▸ **About this exercise**
The data below should be retyped exactly, with the pictures left out.

▸ **Given records**

========================================================================

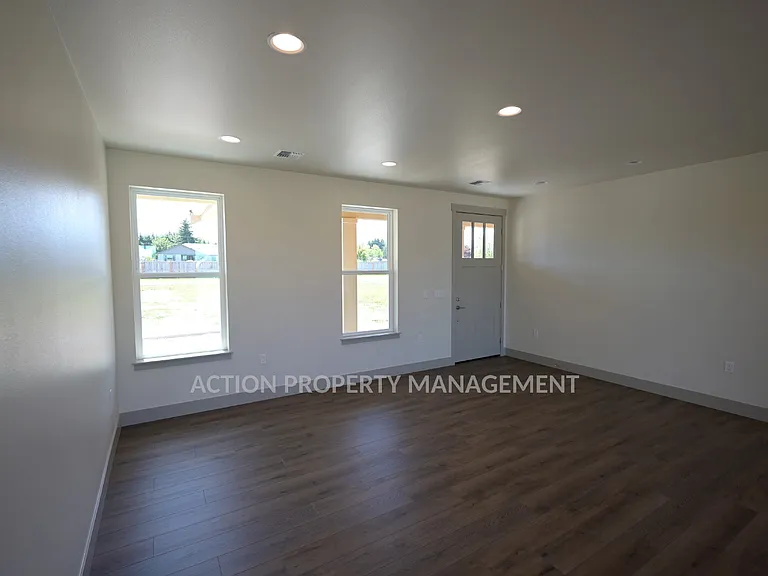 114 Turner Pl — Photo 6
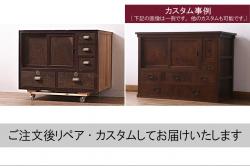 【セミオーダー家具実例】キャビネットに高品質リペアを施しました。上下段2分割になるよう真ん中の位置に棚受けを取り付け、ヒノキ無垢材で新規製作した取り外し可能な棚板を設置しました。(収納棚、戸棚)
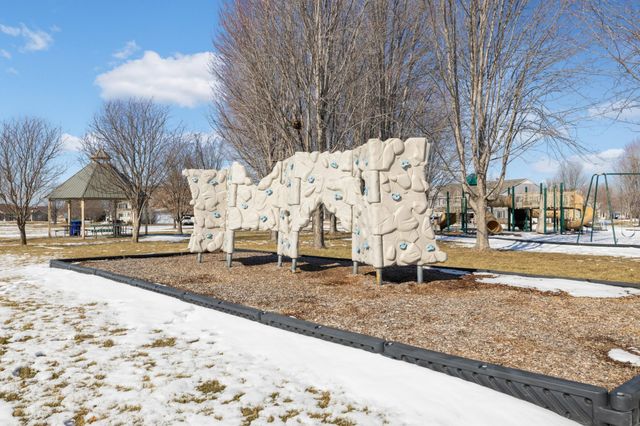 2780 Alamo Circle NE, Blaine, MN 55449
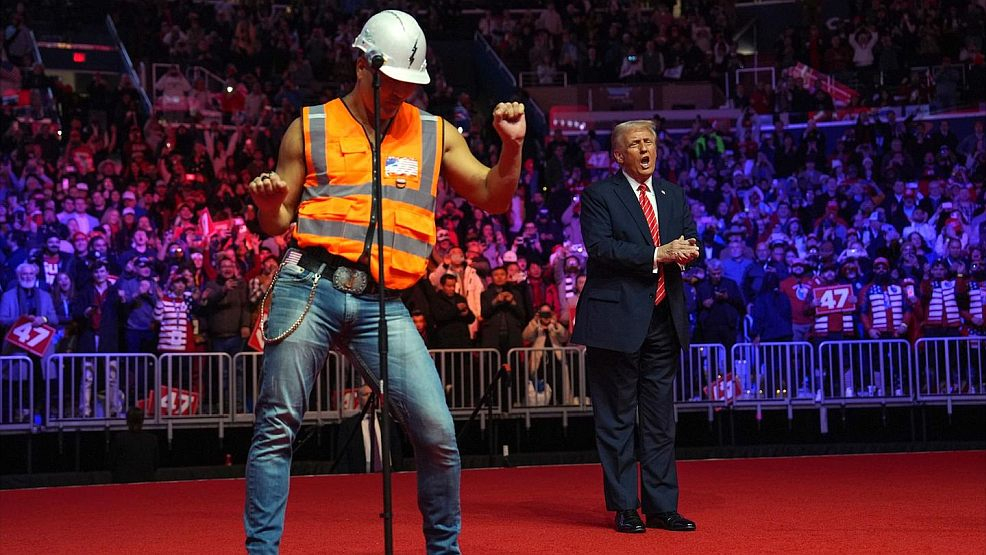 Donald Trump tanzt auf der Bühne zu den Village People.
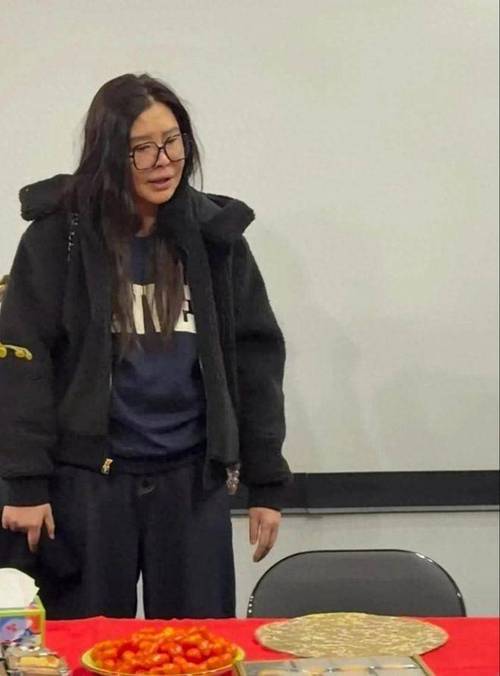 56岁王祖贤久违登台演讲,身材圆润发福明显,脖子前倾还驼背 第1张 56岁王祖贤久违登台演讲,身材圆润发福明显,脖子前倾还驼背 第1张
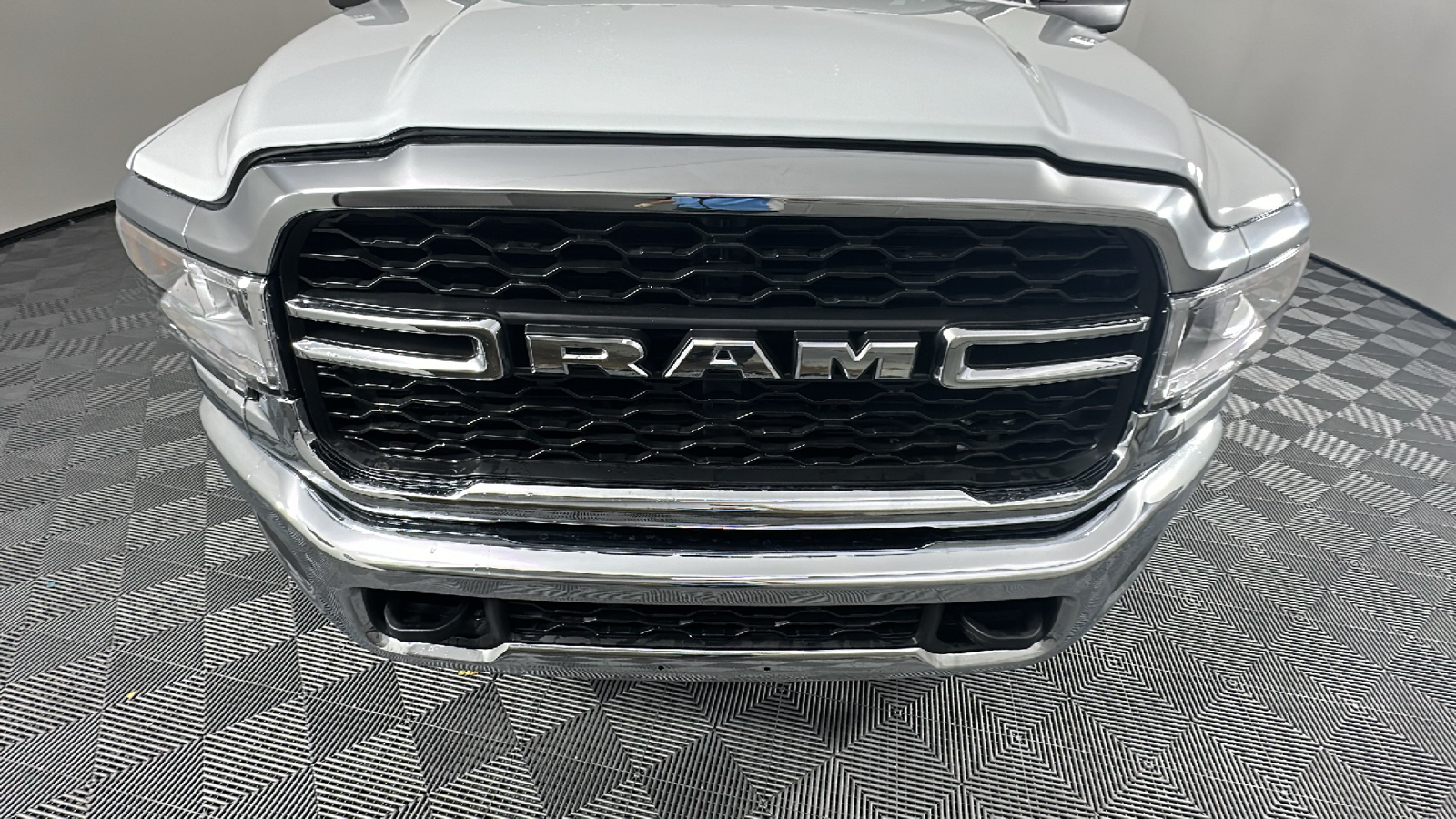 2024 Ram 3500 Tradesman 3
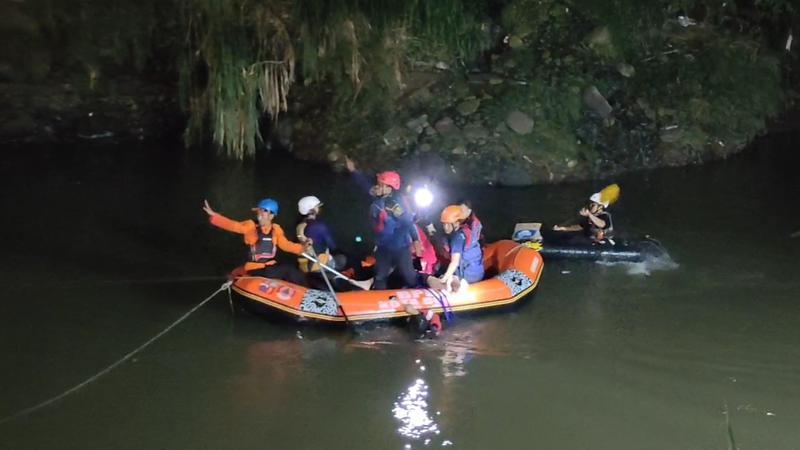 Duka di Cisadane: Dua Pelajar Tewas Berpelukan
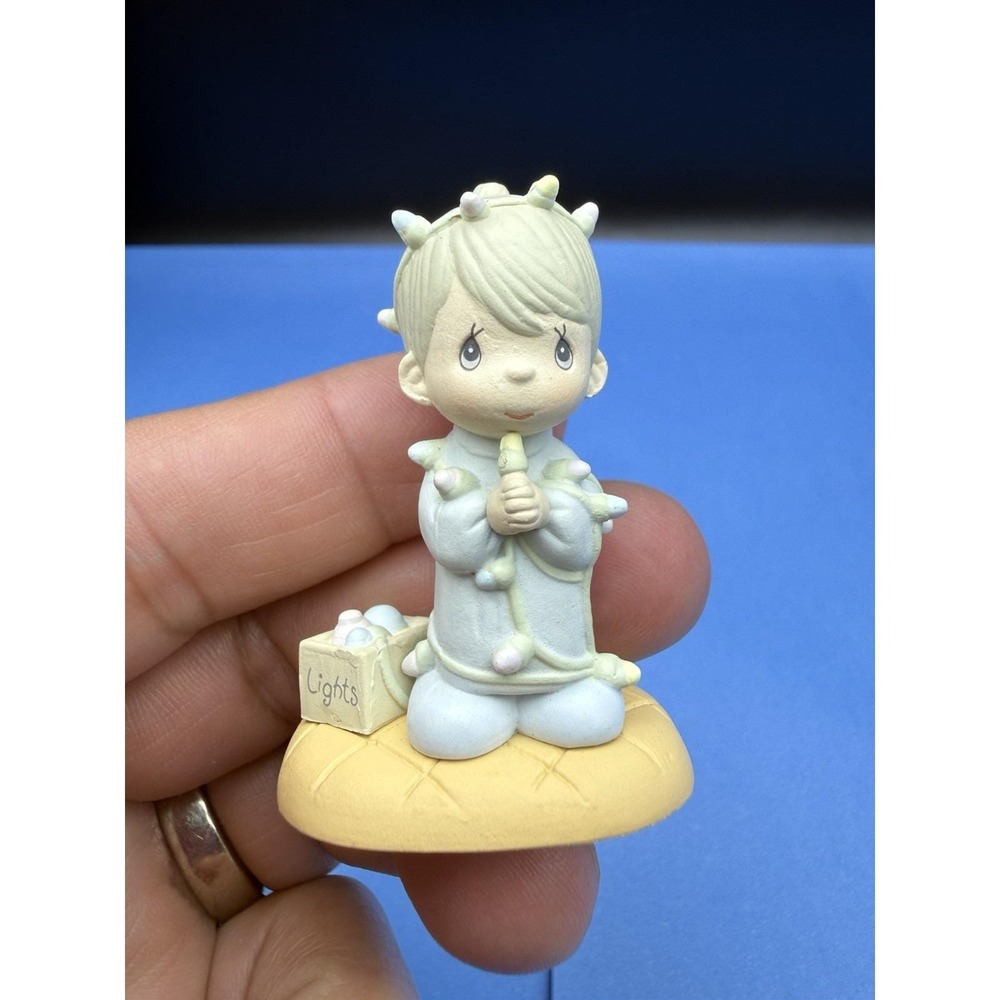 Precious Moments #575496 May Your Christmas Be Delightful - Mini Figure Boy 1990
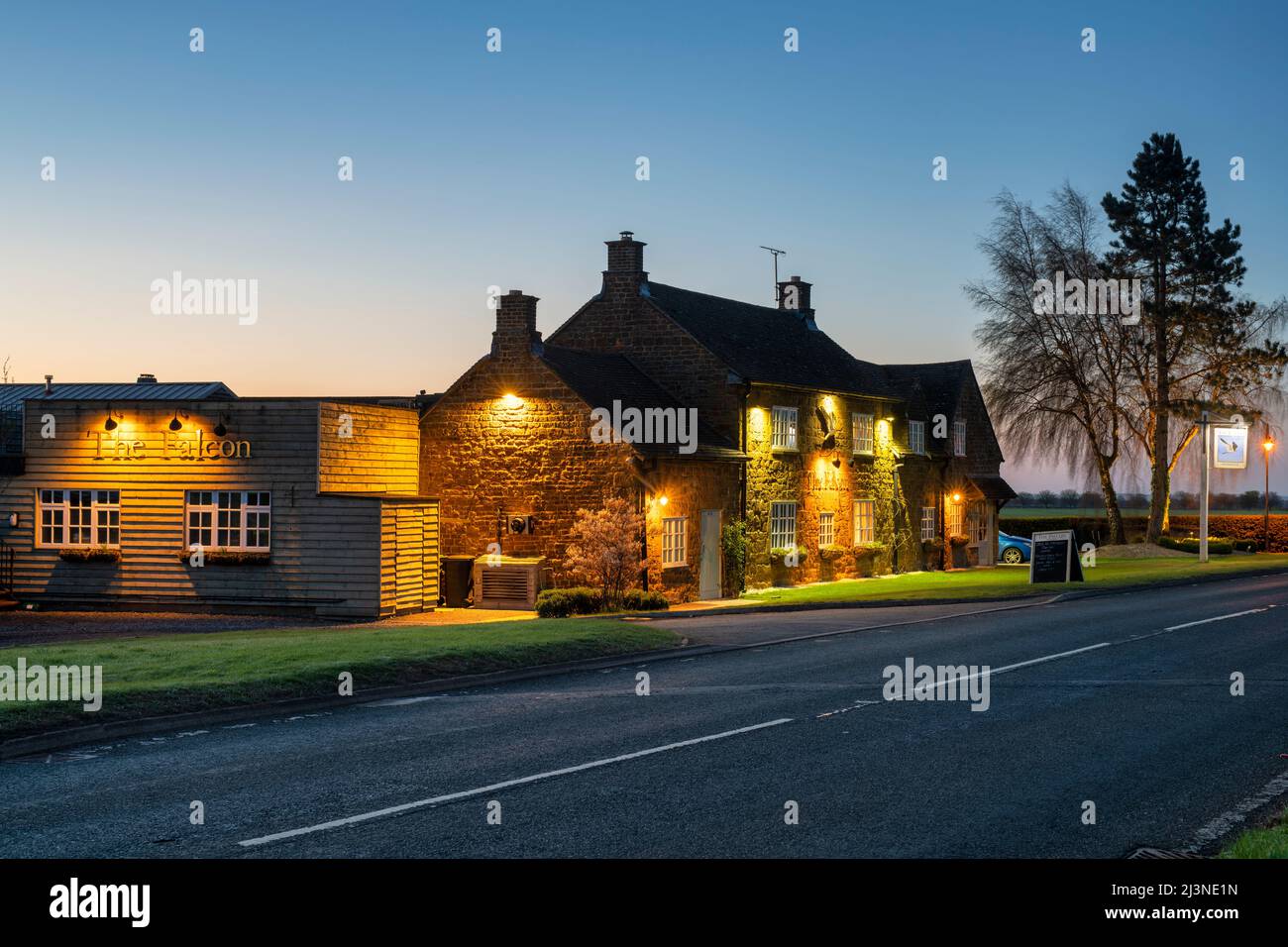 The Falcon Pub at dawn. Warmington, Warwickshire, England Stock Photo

========================================================================

▸ **Output of the exercise**
 114 Turner Pl — Photo 6
 【セミオーダー家具実例】キャビネットに高品質リペアを施しました。上下段2分割になるよう真ん中の位置に棚受けを取り付け、ヒノキ無垢材で新規製作した取り外し可能な棚板を設置しました。(収納棚、戸棚)
 2780 Alamo Circle NE, Blaine, MN 55449
 Donald Trump tanzt auf der Bühne zu den Village People.
 56岁王祖贤久违登台演讲,身材圆润发福明显,脖子前倾还驼背 第1张 56岁王祖贤久违登台演讲,身材圆润发福明显,脖子前倾还驼背 第1张
 2024 Ram 3500 Tradesman 3
 Duka di Cisadane: Dua Pelajar Tewas Berpelukan
 Precious Moments #575496 May Your Christmas Be Delightful - Mini Figure Boy 1990
 The Falcon Pub at dawn. Warmington, Warwickshire, England Stock Photo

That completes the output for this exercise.